In explaining what it is, Stocky said that it is trying to solve a specific problem which developers can face: essentially that of resources and the ability to scale.

Stocky said that entrepreneurial developers usually require significant upfront investments in computers, and then someone to configure the web server, SQL databases etc, with these being significant technical challenges, especially once you get popular, if you get popular.

Stocky said that if you get popular, you then need to scale your app – and the infrastructure around it, and all those system admin efforts can take a lot of time. Apparently 20% of engineering time is spent of system admin and maintenance – and for a 5 person start up, that’s effectively one person looking after all of that.

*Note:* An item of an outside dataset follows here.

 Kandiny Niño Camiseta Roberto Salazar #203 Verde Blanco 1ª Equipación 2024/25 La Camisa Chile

The Google App engine is designed to give you access to these scalable resources. Stocky said that you run your app in “Python” (a programming language), then quickly deploy it to Google’s servers, which are “easy to run and easy to scale.”

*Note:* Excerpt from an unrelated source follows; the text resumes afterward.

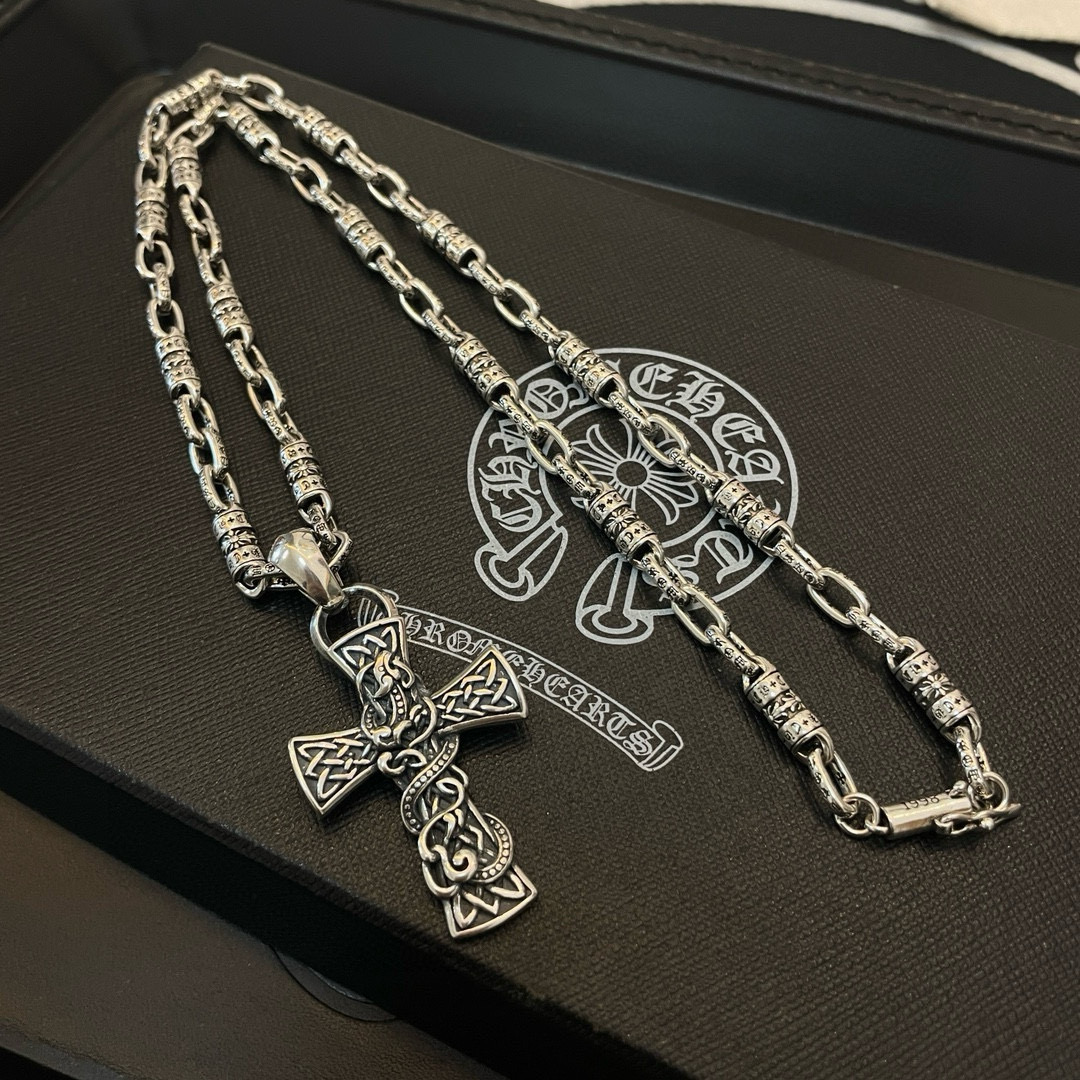 批 抖音/快手/ins/小红书/直播热门 ，新款【专柜品质】Chrome Hearts克罗心字母项链 ，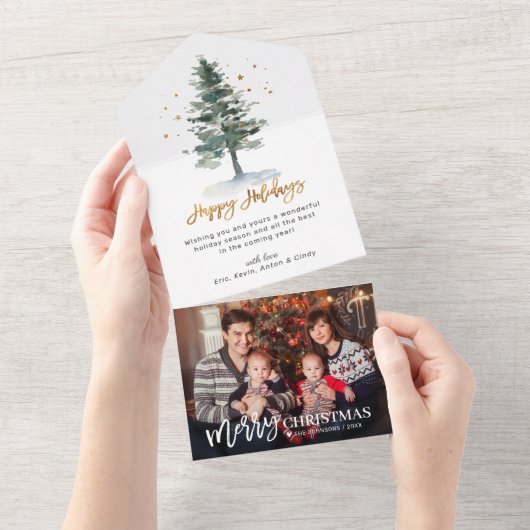 Vrolijke Kerstboom Vakantie Keepsake Fotokaart All In One Uitnodiging (Afscheurbaar)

I forgot to ask what it would cost developers to run their web apps on the Google App Engine, so I called Google’s PR people back, and got the low down, which was the same as at the Google App Engine website.

In essence, it’s free, with some limitations. Google’s site says that the Engine “enables you to build web applications on the same scalable systems that power Google applications” and needs “no assembly” as it is a fully-integrated application environment
 
The site says that it’s “easy to build scalable applications that grow from one user to millions of users without infrastructure headaches” and is free to get started, with “every Google App Engine application [able to] use up to 500MB of persistent storage and enough bandwidth and CPU for 5 million monthly page views.”

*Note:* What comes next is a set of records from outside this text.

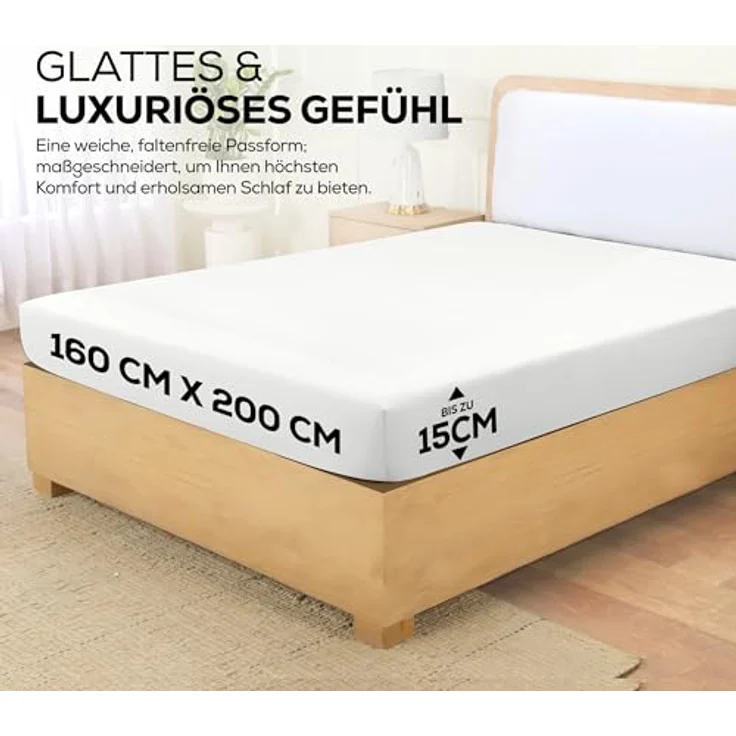 Utopia Bedding - Topper Spannbettlaken 160x200cm - Weiß - Oeko-Tex Zertifiziertes Gebürstete Polyester-Mikrofaser Spannbetttuch - 15 cm Tiefe Tasche – Bild 2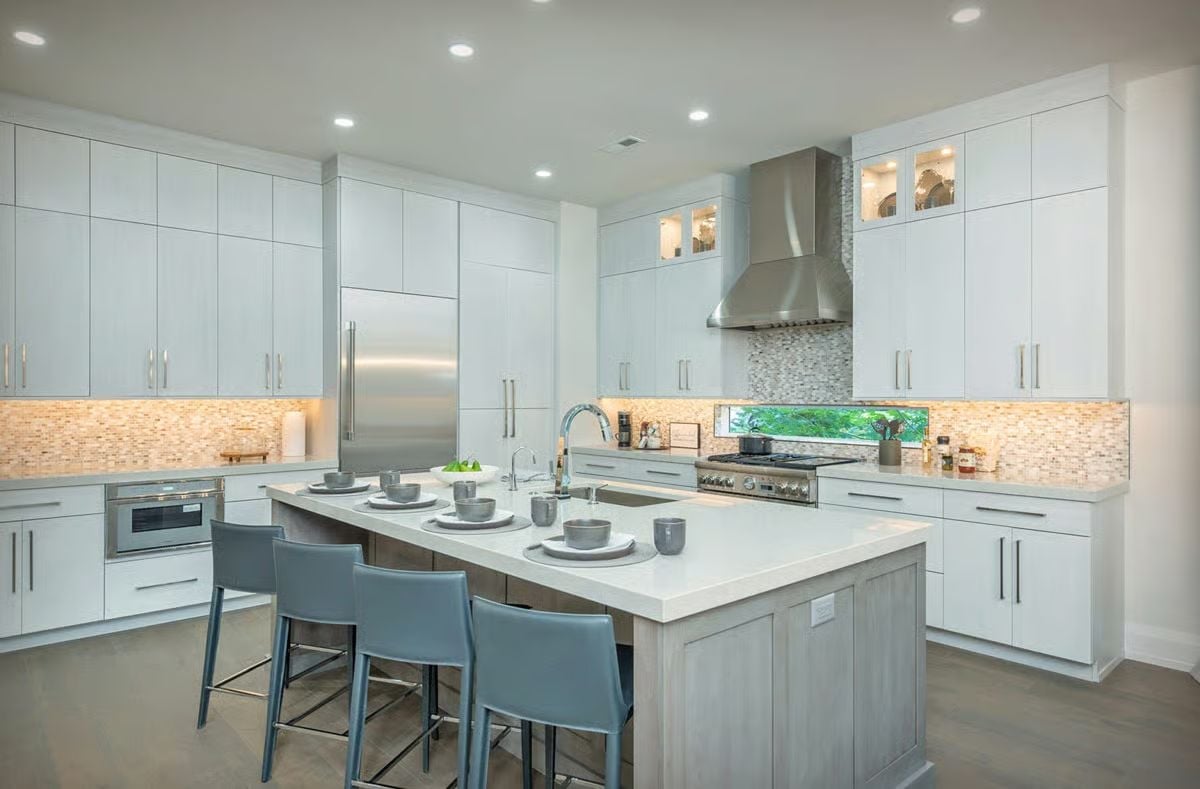 Quartz Counter, Gray Chairs, and a Kitchen Island That Actually Seats People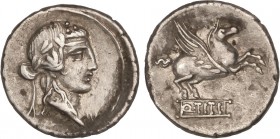 ROMAN COINS: ROMAN REPUBLIC
Republic
Denario. 90 a.C. TITIA-2. Q. Titius. Anv.: Cabeza de Baco joven a derecha. Rev.: Q. TITI. en tableta de la que ...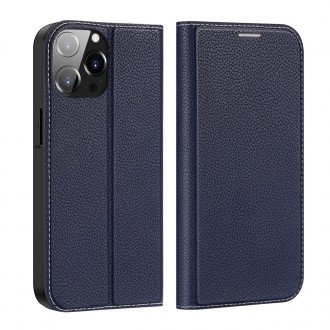 Dux Ducis Skin X2 case for iPhone 14 Pro Max case with magnetic flap blue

As Stocky said, it’s currently a “preview release”, so applications are “restricted to the free account limits”, but anyone can try the Google Apple Engine without waiting for an account, so... pretty cool. Developers should go nuts!

I then asked if apps created in the Google App Engine would run on the iPhone – and I asked about another Google web app that already works on the iPhone and specifically asked about a problem that I was having with it, which it turned out Stocky was experiencing, too.